Kent leafed through the files, but he already knew the names and the faces. Jack the chef who ate glass mixed into his treacle sponge. Francis the hospital orderly who overdosed on stolen morphine. Jeremy the aristocratic gay runaway who'd blown half his head off with his father's shotgun - he'd borrowed it when he'd left the family estate and kept it in a suitcase on his way up on the train from Somerset. Sometimes, Kent could even see the blood still on the walls. 

The photos showed Chandler what they'd looked like but Kent knew how they'd sounded, too, at least after they'd died. Jeremy's voice sounded wet and Georgie's was hoarse. He supposed that made sense. 

"He's found another three, you know," Chandler told him, six nights later, as he poured another drink. "It's fascinating, really."

"Mansell says I should move out. He says I must be out of my mind living here. He says it's creepy."

"Well, Mansell says a lot of things," Chandler said, not too much the worse for wear for drink to abandon his usual diplomacy. "Not all of them make a great deal of sense, I rather think you know that."

Chandler drank the whiskey from the glass and Kent watched him do it. He watched him tilt back his head just a fraction, watched his throat work and his Adam's apple bob, and he thought about putting his hands on him. He thought about putting his hands around Chandler's neck and pressing his mouth to the pulse under his chin. He reached for his own drink instead, but he knew the thing in his flat wouldn't take no for an answer. At least not for long. 

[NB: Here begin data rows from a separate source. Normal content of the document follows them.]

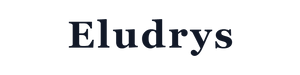 Eludrys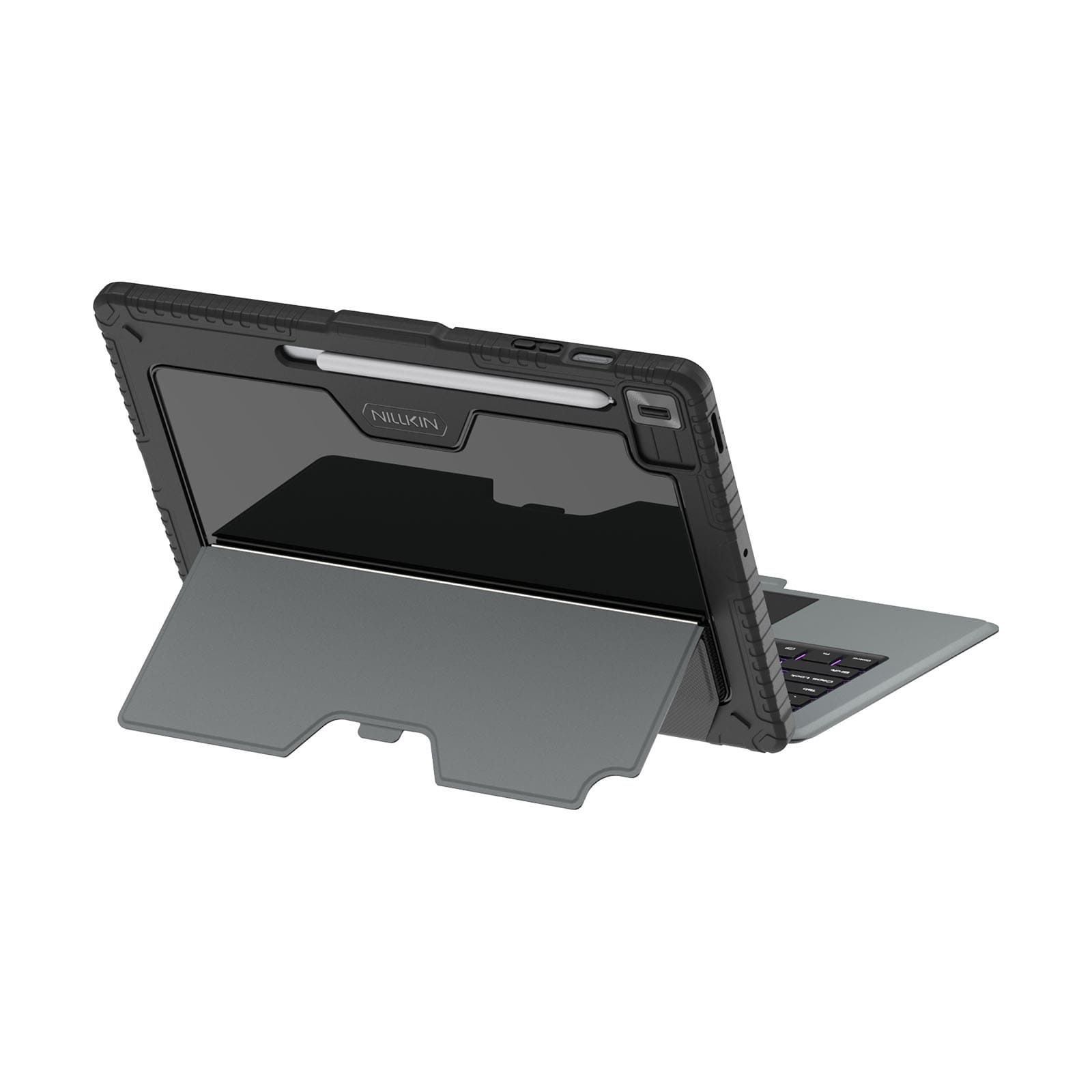 Backlit 13.1 inch Tab S10FE Plus (S10FE+)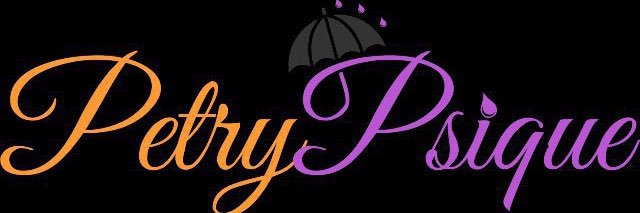 Petry 🧜🏽‍♀️'s banner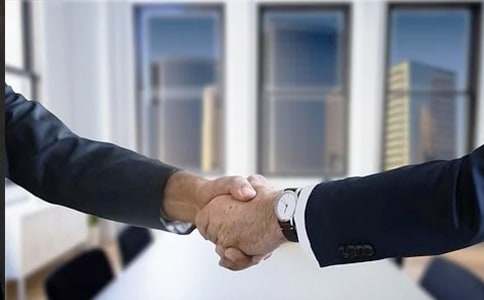 [���x]�͑����x�~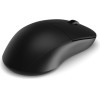 Endgame Gear XM2w 4K v2 - Wireless Gaming Mouse - Black - (EGG-XM2W-4K-V2-BLK)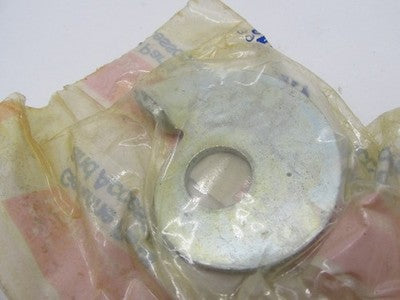 Harley Davidson Genuine Aermacchi Chain Adjuster Cam 39982-68P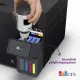 Epson EcoTank ET-4950 #12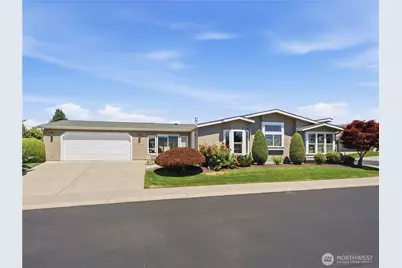 561 Sunday Drive, East Wenatchee, WA 98802 - Photo 3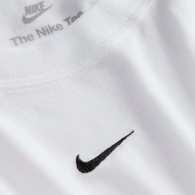 Tricou Nike W NSW NK CHLL KNT MD CRP thumbnav 3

He sent the DI home in a taxi and drove his car to work for him the next day. He didn't tell him he had no idea where the whiskey had come from, and he supposes it would've been a lie if he had; he has an idea, it's just never been confirmed. 

Six nights later, Chandler came up with more photos that Buchan had managed to dig up, printouts of newspaper articles taken from library microfiche, more names and dates but Kent was tired and frustrated and Chandler just kept talking. He hadn't even asked him to come up to the flat, he thought, though by then he supposes it was almost like a standing invitation, but the DI was so close behind him and he just _kept talking_ , and the thing in his flat told him what to do. 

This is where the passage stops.